L’idée selon laquelle chaque hermine correspondrait à un évêché précis circule, mais Marchal n’a laissé aucun document attribuant nominalement chaque moucheture à un territoire donné. Le nombre onze fonctionne comme un rappel global du maillage historique breton, pas comme une cartographie stricte.
Gwenn ha Du : d’un drapeau censuré à un emblème régional officiel
Le Gwenn ha Du a d’abord été perçu par les autorités françaises comme un symbole séparatiste. Après sa création dans les années 1920, il a été interdit ou découragé pendant plusieurs décennies. Sa popularisation progressive est venue avec la décentralisation et le développement des collectivités locales à partir des années 1970-1980.
En 1927, le drapeau est adopté comme emblème officiel de la Bretagne par les cercles régionalistes. Cette officialisation militante précède de loin toute reconnaissance institutionnelle. Le passage d’un symbole contestataire à un marqueur culturel largement accepté s’est étalé sur plus d’un demi-siècle.
Aujourd’hui, le Gwenn ha Du flotte sur des bâtiments publics, des stades, des festivals. Il est aussi devenu un motif textile, un décor de produits alimentaires, un élément de communication touristique. Cette banalisation n’a pas effacé sa charge symbolique, au contraire.
Un drapeau réactivé par le débat sur la Bretagne à cinq départements
Depuis le début des années 2020, le drapeau breton est de plus en plus mobilisé dans les discussions sur le rattachement de la Loire-Atlantique à la Bretagne administrative. Des mairies l’arborent ou refusent de l’arborer en fonction de leur position sur cette question.
Les hermines du Gwenn ha Du ne sont plus seulement un héritage médiéval. Elles sont devenues un marqueur visuel du combat pour la réunification territoriale, utilisé dans les manifestations, sur les réseaux sociaux et dans les débats politiques locaux. Ce renouveau militant explique en partie pourquoi le symbole fascine encore.

Identité bretonne et hermine : pourquoi le symbole résiste au temps
Beaucoup de drapeaux régionaux français existent sans susciter de passion particulière. Le Gwenn ha Du fait exception pour plusieurs raisons convergentes.
D’abord, son graphisme est immédiatement reconnaissable. Morvan Marchal s’est inspiré du Stars and Stripes américain pour la structure en bandes, ce qui donne au drapeau une lisibilité comparable à celle des drapeaux nationaux. Les hermines ajoutent un élément distinctif que l’on ne retrouve sur aucun autre drapeau régional en France.
Ensuite, la culture bretonne dispose d’un réseau dense de festivals, de médias en langue bretonne, d’associations sportives et de produits régionaux qui utilisent l’hermine comme signe de ralliement. Le symbole circule dans la vie quotidienne, pas seulement lors de commémorations.
Enfin, la tension historique entre identité bretonne et centralisme français a donné au Gwenn ha Du une dimension affective que d’autres drapeaux régionaux n’ont jamais acquise. Refuser ou brandir ce drapeau reste un geste qui dit quelque chose de politique, même lorsqu’on le porte simplement sur un tee-shirt.

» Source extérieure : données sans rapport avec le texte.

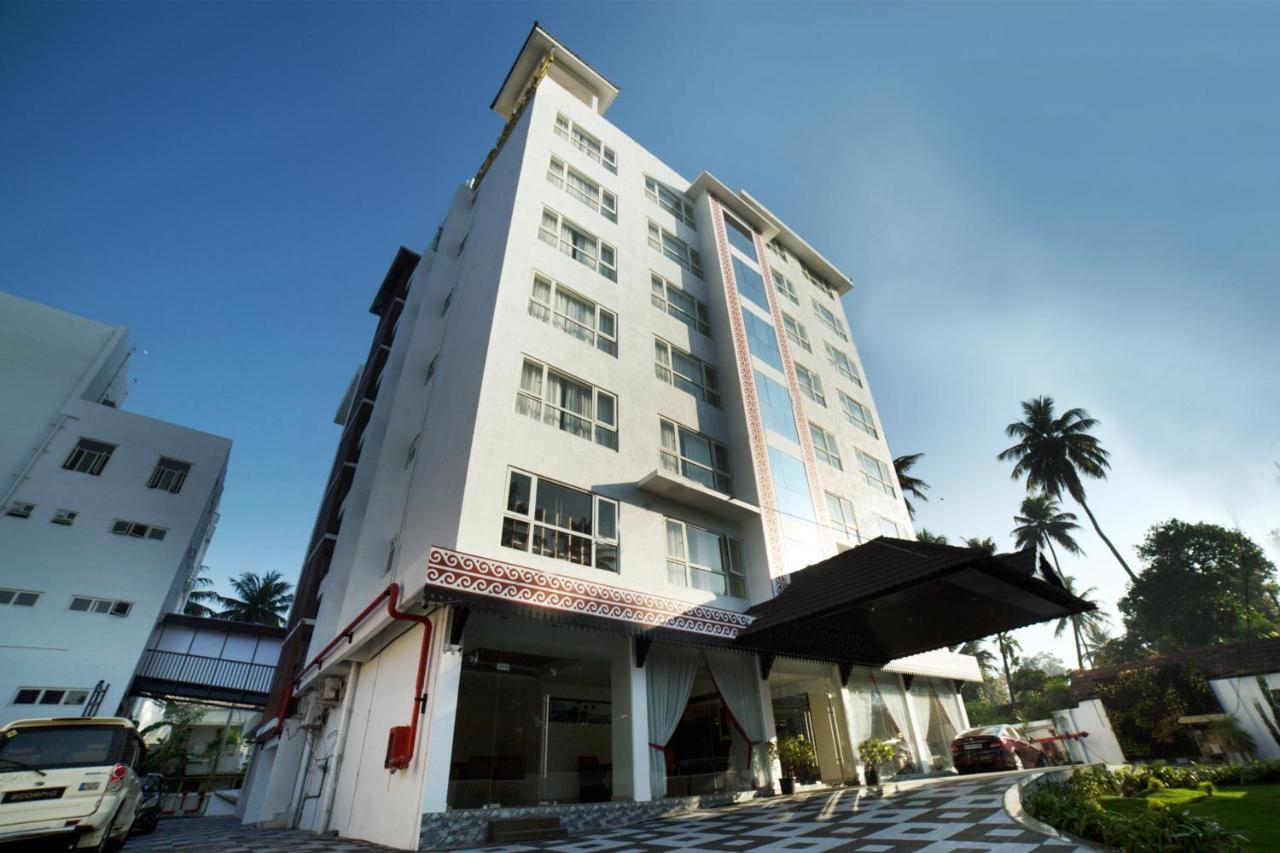 Vivin Luxury Suites Thiruvananthapuram Esterno foto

Légendes et hermines : ce que raconte la tradition orale bretonne
La dimension héraldique n’épuise pas le sujet. L’hermine est aussi au centre de récits populaires bretons. La légende la plus connue attribue au duc de Bretagne une devise associée à l’animal : l’hermine préférerait mourir plutôt que de souiller son pelage blanc. Cette devise, « Potius mori quam foedari » (plutôt mourir que se déshonorer), a été reprise comme symbole d’intégrité et de courage.

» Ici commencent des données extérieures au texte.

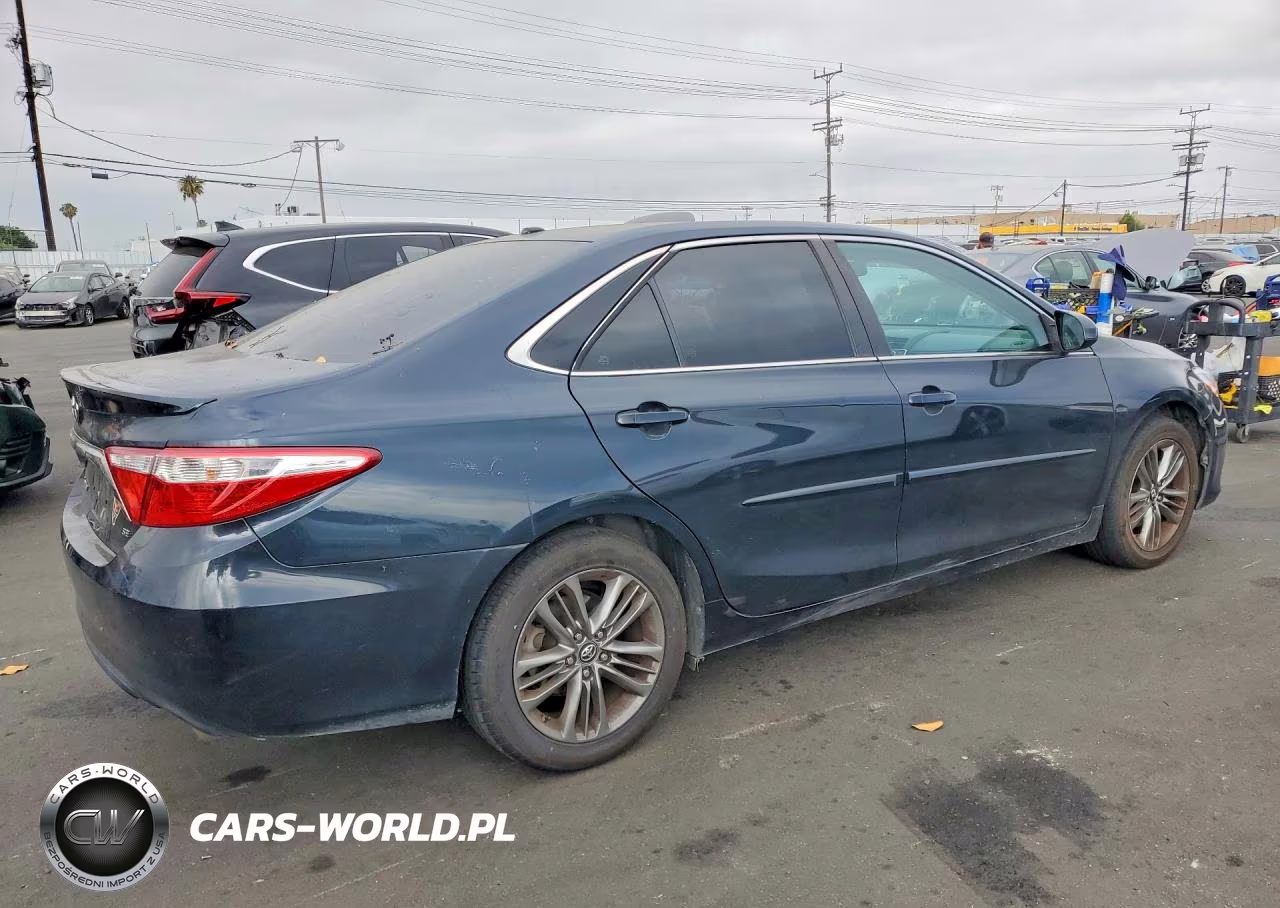 2017 Toyota Camry Se VIN:4T1BF1FK4HU311372 - 3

Ce récit fonctionne comme un mythe fondateur. Il associe l’hermine à la pureté morale, au refus du compromis, à une certaine fierté. Pour les Bretons attachés à leur histoire, les onze mouchetures du Gwenn ha Du ne représentent pas seulement des diocèses ou un héritage ducal. Elles condensent une posture, un caractère revendiqué.

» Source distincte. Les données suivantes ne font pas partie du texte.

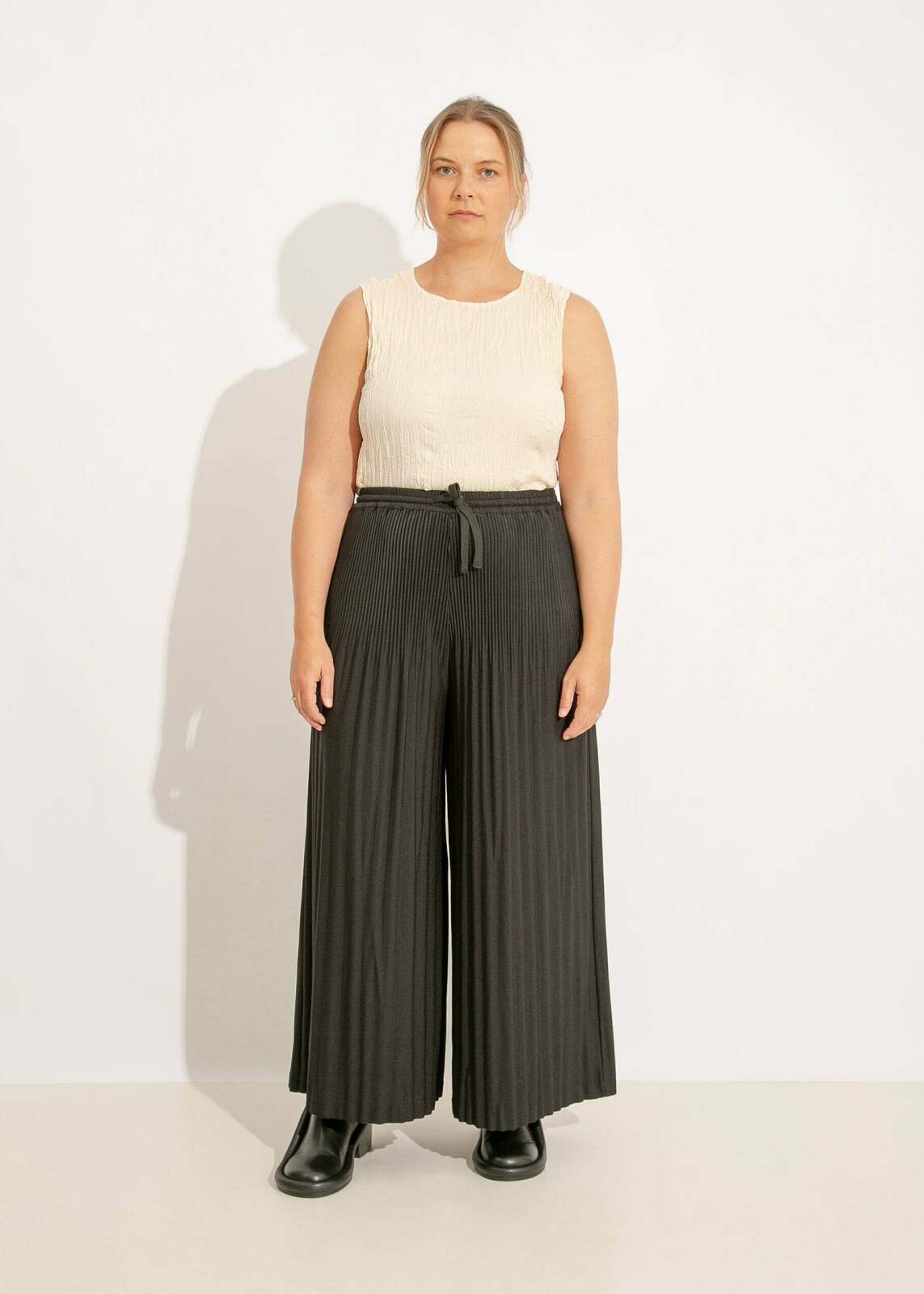 W24 | GEVA PLEAT PANT / BLACK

Le drapeau breton reste l’un des rares emblèmes régionaux européens à fonctionner simultanément comme objet historique, outil politique et marqueur culturel du quotidien. Les onze hermines du canton supérieur gauche cristallisent cette triple fonction. C’est précisément parce qu’elles portent autant de couches de sens qu’elles continuent d’accrocher le regard et de susciter des discussions, bien au-delà des cercles régionalistes.